*Task statement*: For this exercise, restate word for word only the lines from the one containing "This was the" through the last line below. Pictures do not get copied.

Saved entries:
◆ ◆ ◆ ◆ ◆ ◆ ◆

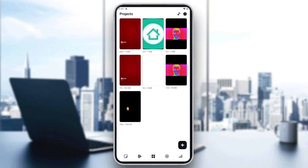Hello guys and welcome back to a new video. In this tutorial I'm going to show you how to blur the background in Instagram edits. Make sure to watch the video to the end and follow these simple steps. If you find this video helpful, don't forget to subscribe, leave a like, and drop a comment. Let's begin.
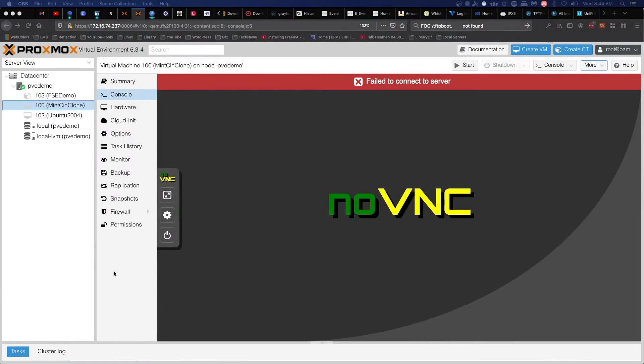Hey everybody, Jeremy here, and today we are going to take a look at deploying an image from FOG.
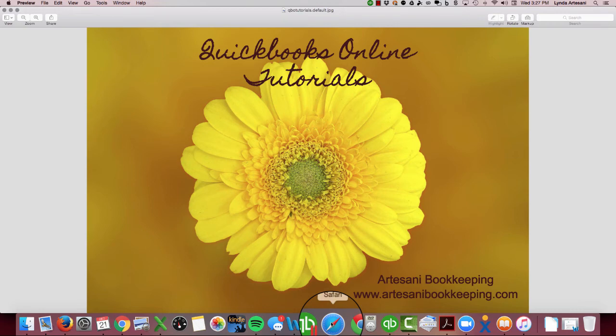Hello, my name is Linda Artasani. I'm the owner of Artasani Bookkeeping, and I'm very active on the Intuit community forum. I've noticed a lot of questions around how to create an employee bonus or Christmas bonus check. It's almost Christmas time here in 2016.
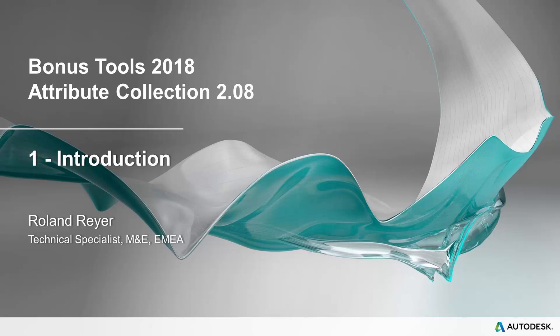This was the first part of my introduction to Attribute Collection. In the second video, I am going to talk about editing your custom UI.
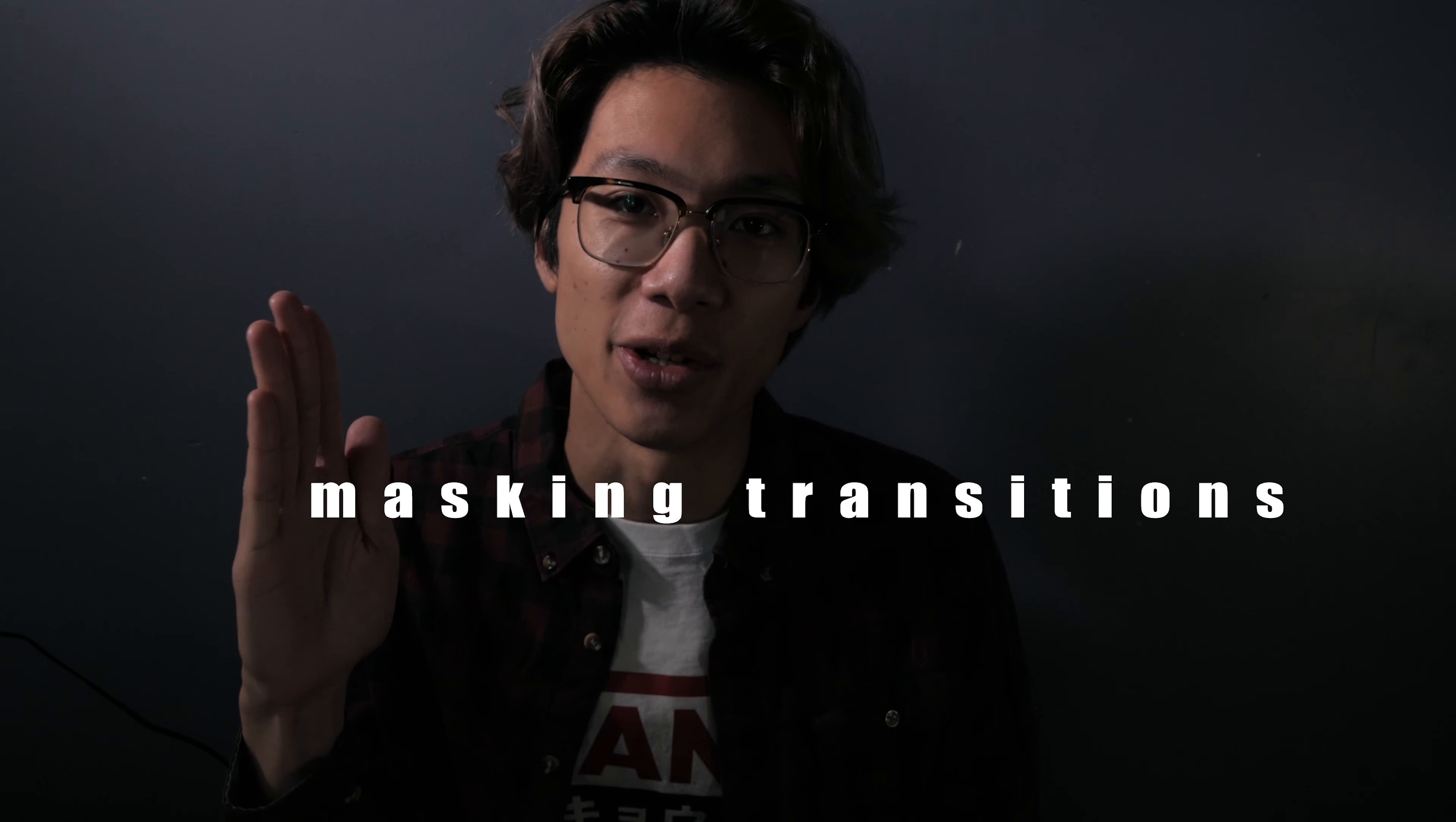Hey, Timothy here. In this video, I want to show you guys how to create masking transitions. What are masking transitions? Let me show you some examples.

◆ ◆ ◆ ◆ ◆ ◆ ◆

*Answer box*:
This was the first part of my introduction to Attribute Collection. In the second video, I am going to talk about editing your custom UI.
Hey, Timothy here. In this video, I want to show you guys how to create masking transitions. What are masking transitions? Let me show you some examples.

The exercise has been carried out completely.